I’ve been desiring a meal at Ria and Matt Wilson’s pop-up WILD for weeks now, but only got my act together with my return-to-work date looming in the distance.
Prior to popping up at Canelé, Matt spent time in the kitchens at Bouchon Las Vegas, Son of a Gun, and Sqirl, while Ria cooked at The Mansion Las Vegas, Daniel Boulud Brasserie, Canelé, and Sqirl. Killer resumes, the both of ’em.
WILD, as defined by its Instagram blurb, is “playful, experimental and knows no cuisine boundary.” Matt and Ria’s anything-goes-so-as-long-as-it’s-delicious-and-seasonal approach means that the menu changes from week to week (sometimes even day to day), dabbling in different genres, techniques, and cuisines along the way. You never know what you’re going to get…
The duo are clearly having a blast at WILD, and I love how you can taste their collective energy in every bite.
Sarah and I shared six dishes on our lunchtime date: three items from the regular menu plus three specials. One of the specials, a Kimchi Coconut Ramen ($14) with buttered noodles, scallion, and pork belly, was a bowlful of soul. The slices of chashu were as tender as can be, while the broth was so very slurp-worthy.

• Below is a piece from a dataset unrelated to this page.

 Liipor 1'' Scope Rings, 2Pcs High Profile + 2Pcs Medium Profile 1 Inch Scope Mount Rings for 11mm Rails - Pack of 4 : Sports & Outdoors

Another special on offer was the Shrimp Potstickers ($12) filled with Santa Barbara spot prawn and Ridgeback shrimp with chili peanuts and golden enokis. While there was a lot to love about this dish, the texture of the dumplings’ skins, toothsome and delicious, was my favorite part.
The final special that we dug into was the Uni Mousse Vol Au Vent ($9), an airy urchin mousse complemented by a buttery, flaky base, a sauce made of peas, and plenty of fresh herbs.
There’s always a ricotta cavatelli ($14) on the menu, with the preparation changing with the seasons and the chefs’ whims. This afternoon, the luscious little dumplings were complemented beautifully by preserved tomatoes, sugar snap seas, burrata, and fresh basil. Simply divine.
The “house terrine” ($12) changes often as well. This week’s was made of duck and served with thin slices of house-smoked duck, raisin mostarda, sauternes gelee, and toasted bread. While the duck two ways were fantastic, the sweet and potent mostarda stole the plank for me. I’ve got a thing for good mustard.
And finally, a vegetarian “Hot Stone Rice Bowl ($10) comprised of Satsuki rice topped with black kale gochujang, market vegetables, and pickles. A poached egg ($2) was served alongside for us to mix in at the table. This dish brought a hearty, spicy piece of K-Town to Atwater Village.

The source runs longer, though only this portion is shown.